╔══

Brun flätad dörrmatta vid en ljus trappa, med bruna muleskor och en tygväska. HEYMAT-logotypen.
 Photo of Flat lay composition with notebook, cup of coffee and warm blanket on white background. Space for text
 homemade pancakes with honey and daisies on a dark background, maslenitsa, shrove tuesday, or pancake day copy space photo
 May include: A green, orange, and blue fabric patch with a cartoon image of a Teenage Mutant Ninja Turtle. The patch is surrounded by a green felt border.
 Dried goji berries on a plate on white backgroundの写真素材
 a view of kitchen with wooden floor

╚══

**EXERCISE AIM**
An exact copy is required of each line from the one containing "Photo of Flat" through the last line of the material, and of no other line.

**ANSWER SECTION**
 Photo of Flat lay composition with notebook, cup of coffee and warm blanket on white background. Space for text
 homemade pancakes with honey and daisies on a dark background, maslenitsa, shrove tuesday, or pancake day copy space photo
 May include: A green, orange, and blue fabric patch with a cartoon image of a Teenage Mutant Ninja Turtle. The patch is surrounded by a green felt border.
 Dried goji berries on a plate on white backgroundの写真素材
 a view of kitchen with wooden floor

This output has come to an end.